The world has been totally and irrevocably altered by humanity: The majority of land in the world has been shaped by our need for food, shelter and resources, contributing to the current Holocene extinction. Yet there are select conservationists and enthusiasts who believe that pockets of extinct species have in fact overcome the human obstacles to their survival. One such dreamer is Forrest Galante.
Galante is an American who grew up in Zimbabwe, where he spent much of his formative years capturing all manner of small animals. In 2016, Galante was offered the chance to work with Animal Planet on their TV movie “Extinct or Alive: Tasmanian Tiger,” and in 2018 he rejoined them for a TV series of the same premise for other officially extinct animals.
It’s not that he believes these animals to be alive, so much as he looks for locations that a given species could have found refuge in the face of extinction. There are numerous examples of extinct species reappearing, such as the New Guinea singing dog, an ancient species of dog believed to have been extinct in the wild for over five decades before a population was found in the mountains of New Guinea.
Other examples include the Galapagos pink land iguana and the ancient Coelacanth, a long-lost, lobe-finned fish thought to have followed the non-avian dinosaurs into extinction 65 million years ago before living specimens were discovered.
While Galante does not subscribe to the more cryptic sorts of supposed fauna, like Bigfoot or the Loch Ness monster, the rare animals he searches for can nevertheless make audiences doubt how serious his endeavors are.
The Tasmanian Tiger
The project that propelled Galante’s career of rediscovering animals is without a doubt the Tasmanian tiger. Like all marsupials, the Tasmanian tiger was separated from placental mammals by millions of years, yet, due to convergent evolution, evolved many dog-like characteristics to fill the predator niche. Because of their close resemblance to common canines, supposed sightings of the animal in Australia and Tasmania are taken as seriously as Bigfoot sightings.
Yet while Bigfoot is with near-certainty a fictitious organism, the Tasmanian tiger sightings have several elements in their favor: 1.) The Tasmanian tiger was hunted, killed, photographed and filmed before being declared extinct 2.) Australia is big, with an entire continent’s worth of places to hide and 3.) They were a very common sight just 80 years ago, so to assume that every single individual was eradicated without more in-depth search is premature.
Galante has so far been unable to locate them, but remains hopeful about a biologist’s recent sighting of several individuals.
While sloths are typically regarded as helpless, slow-moving tree dwellers, 10,000 years ago, in the Americas, sloths could be the size of an elephant. The giant ground sloths were rivaled in size by few other animals in the world and, accordingly, had free rein to feed with relatively little fear of predators. It was only with the arrival of humans that the sloth population was virtually wiped out.

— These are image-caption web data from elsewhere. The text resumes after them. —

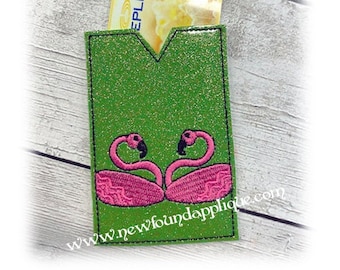 In The Hoop Flamingo Gift Card Holder Embroidery Machine Design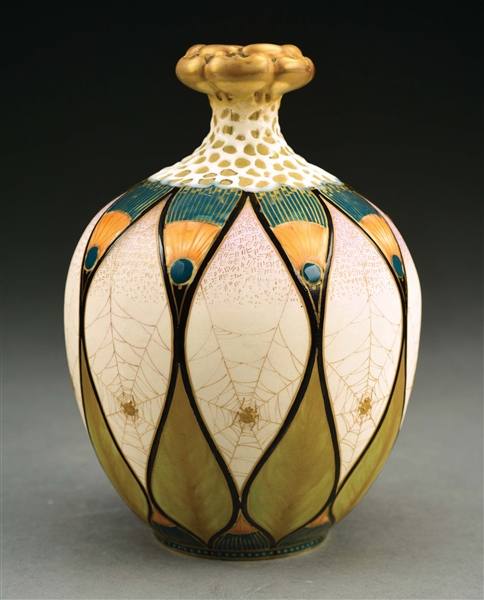 AMPHORA SPIDER WEB AND ENAMELED FLORAL VASE WITH RETICULATED TOP.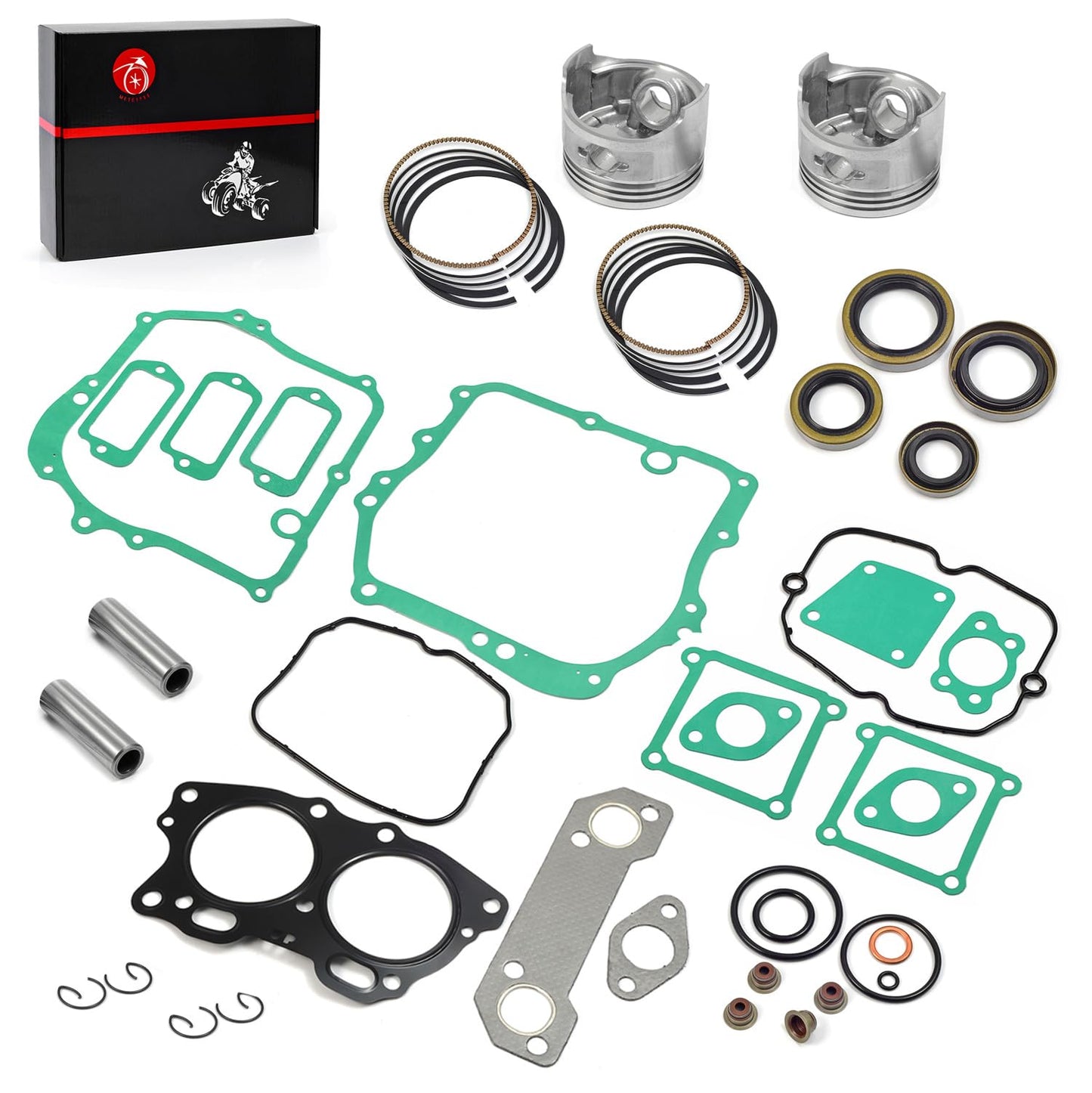 Piston & Ring Oversize Bore 0.25mm & Gasket Seal Rebuild Kit Compatible with EZGO 4 Cycle Gas Golf Cart Fuji Robin 295cc EH29C Engine 1991-2008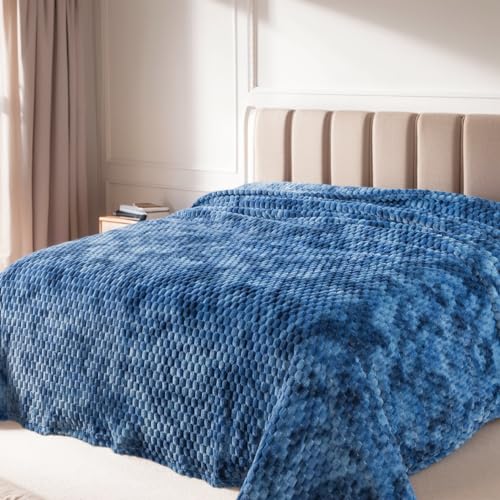 Richave Twin Size Blanket, Premium Lightweight Anti-Static 66x90 Inches 3D Clouds Stylish Jacquard Velvet Plush Bed Blanket for Twin XL Extra Long Bed, Tie-dye Stone Blue - color: Stone Blue, size: Twin (90-Inch-by-66-Inch)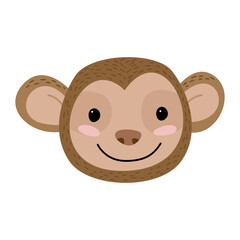 Cute monkey face character in flat cartoon style. Isolated vector.
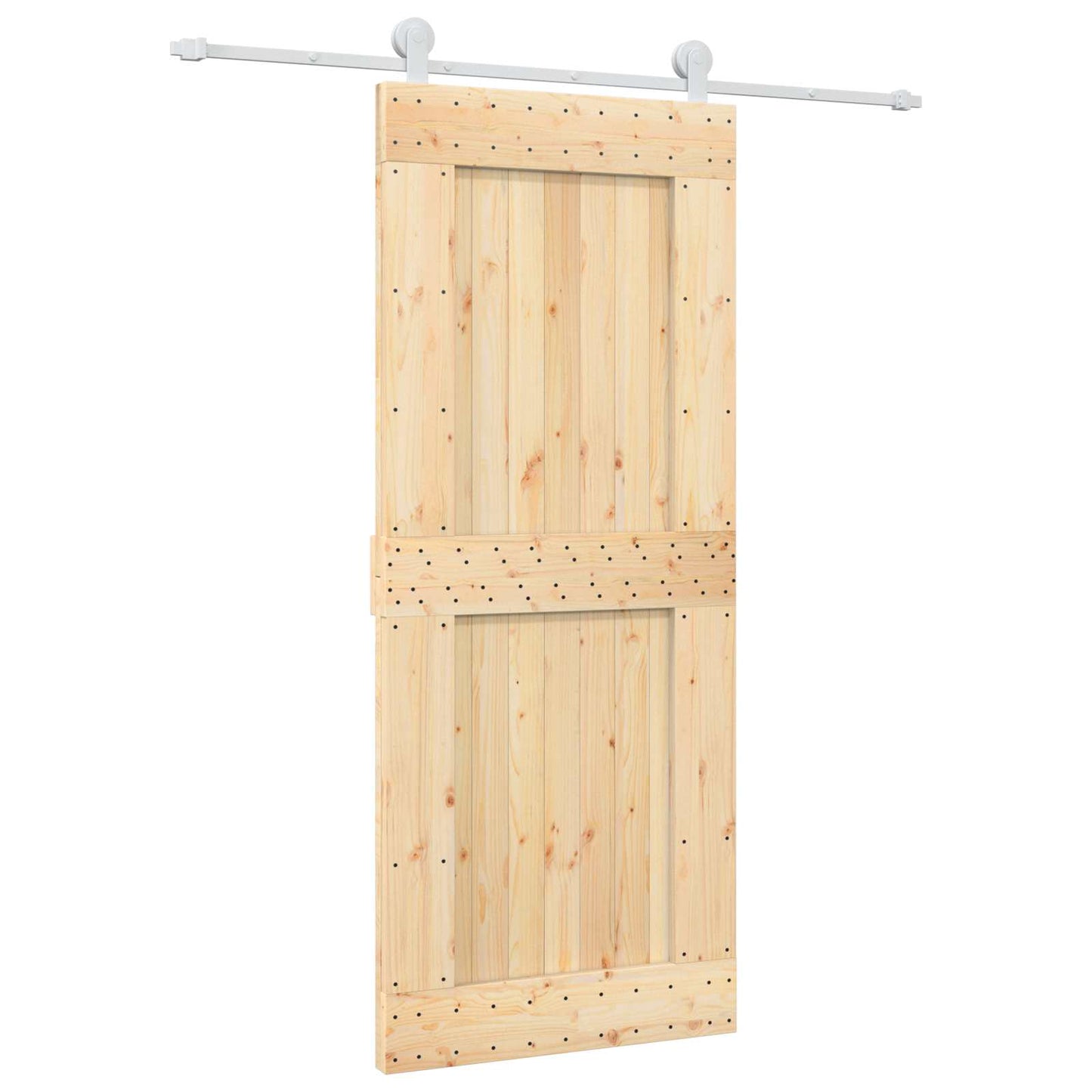 Sliding Door Natural and White 85 x 210 cm Solid Pine Wood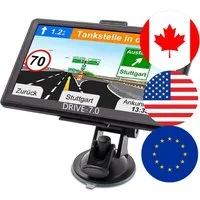 GABITECH 7 Zoll GPS PKW LKW Navi mit Europa, USA und Kanada Karten + POI PKW-Navigationsgerät (USA, KANADA, EUROPA, inklusive lebenslanger Kartenupdates, inklusive Zubehör, einfache Bedienung für jedes Alter)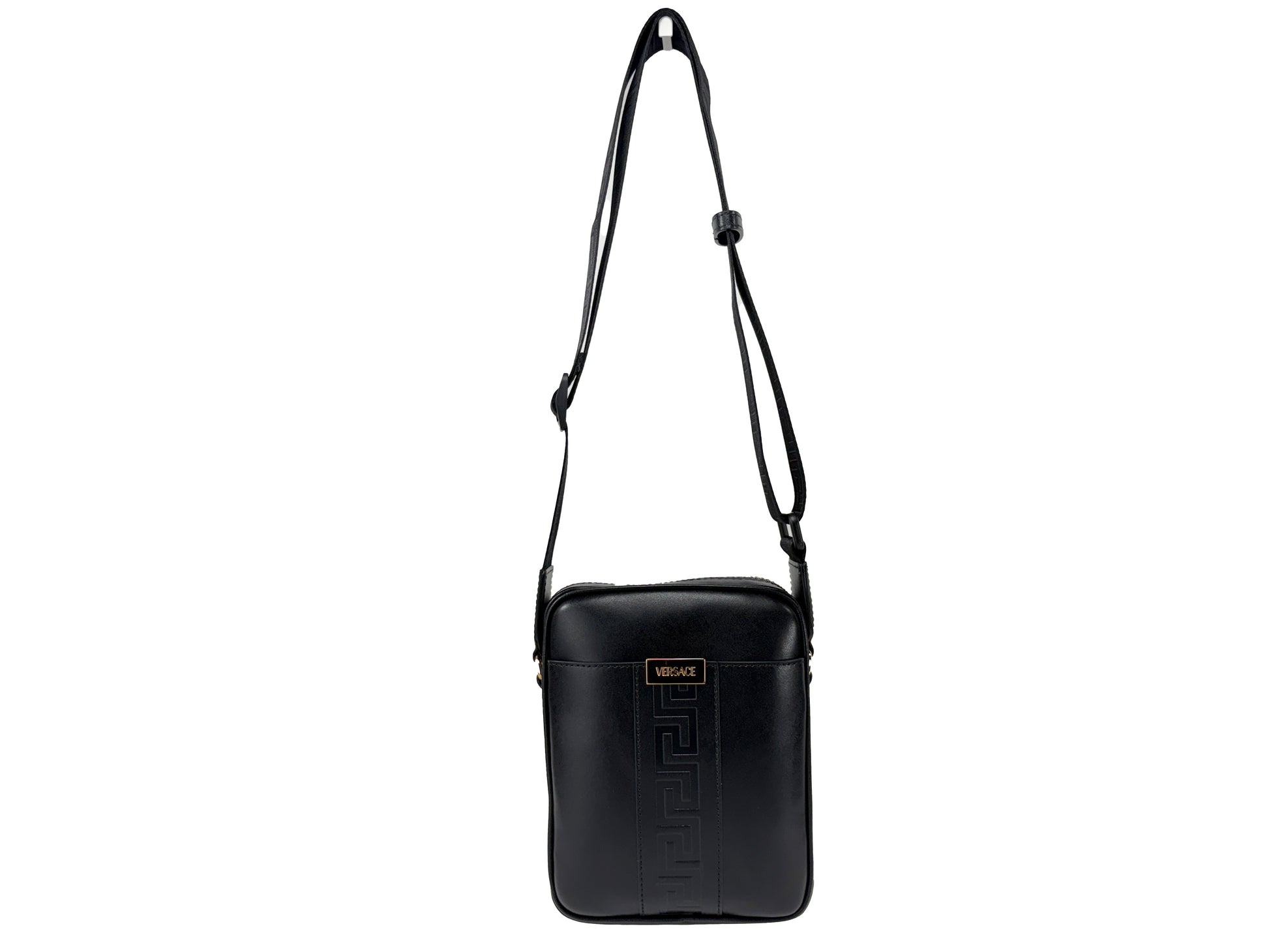 Versace Black Leather Greca Crossbody Bag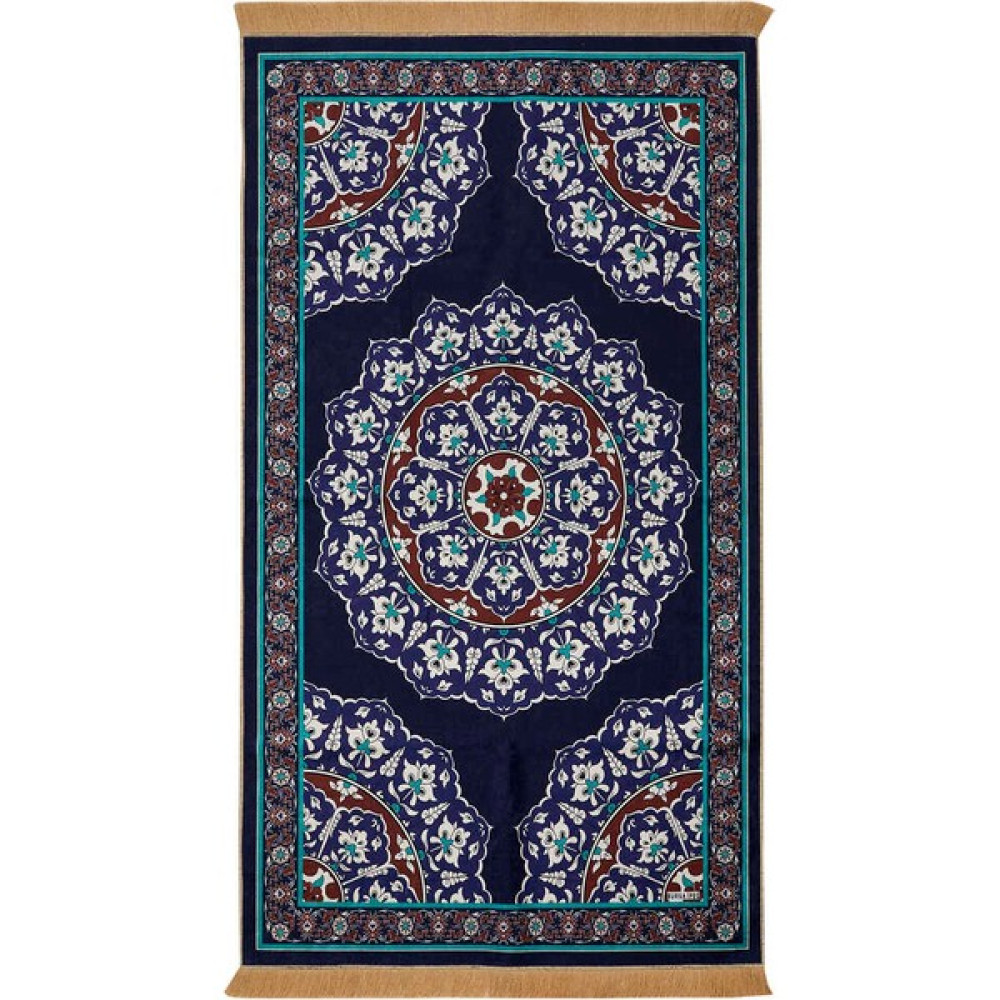Bursa İpek Lacivert Kadife Halı Seccade - Mor - 65 x 115 cm Seccade Fiyatı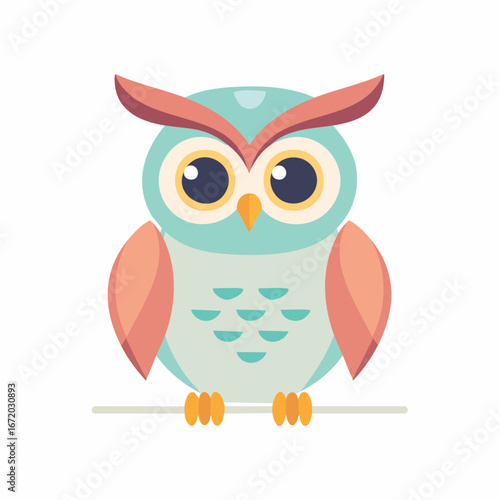 A charming illustration of a cartoon owl perched on a branch, looking forward.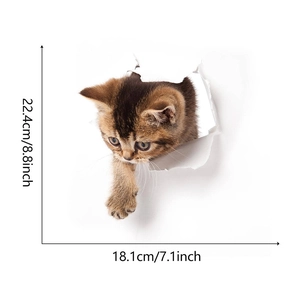 Macro detail of 3D cat wall sticker showing size dimensions 22.4cm by 18.1cm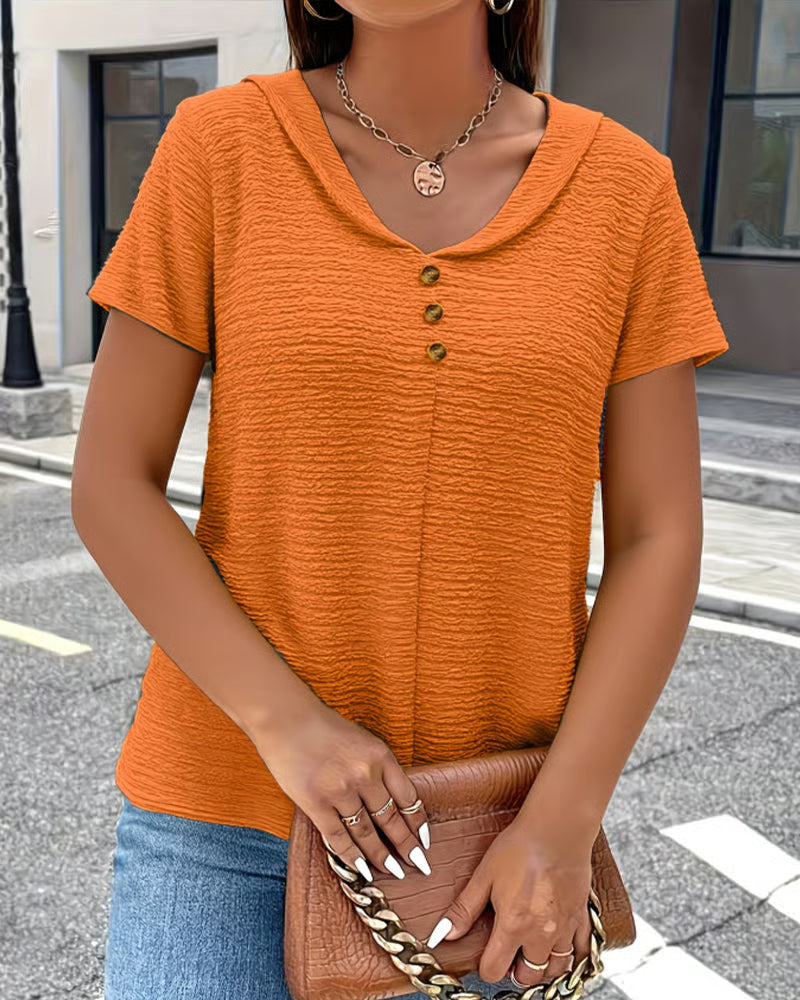 Quintessa - Blusa con escote en V y botones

These animals would have weighed an average of 3 to 5 tons, requiring a large amount of vegetation on a daily basis. How then, could such large animals with such immense dietary needs possibly exist in the modern world?
The answer lies in a highly elevated Peruvian basin surrounded by mountains, a region nearly impenetrable on foot. These mountains could have potentially shielded a pocket of surviving ground sloths from humans for thousands of years, something that indigenous peoples’ records of ground-sloth-like mythical creatures support.
One of the discoveries Galante is best known for is the supposed sighting of a Zanzibar leopard. Since the mid-1990s, this elusive leopard was believed to be extinct, but in 2018 Galante and his crew captured images of what appeared to be a surviving individual. In fairness, the sighting cannot be 100 percent verified without further evidence, both observational and genetic. However, if proven true, it will be yet another testament to the impressive durability of nature.
Throughout the history of the human species, animals deemed a threat, source of food or sport have been targeted indiscriminately to the point of extinction. Ecosystems suffer as a result; ecological niches are left empty, and without enough time to recover, nothing else can take their place. Galante’s work is not just entertainment or an attempt to reintroduce species, but an important warning against driving animals to a point beyond extinction.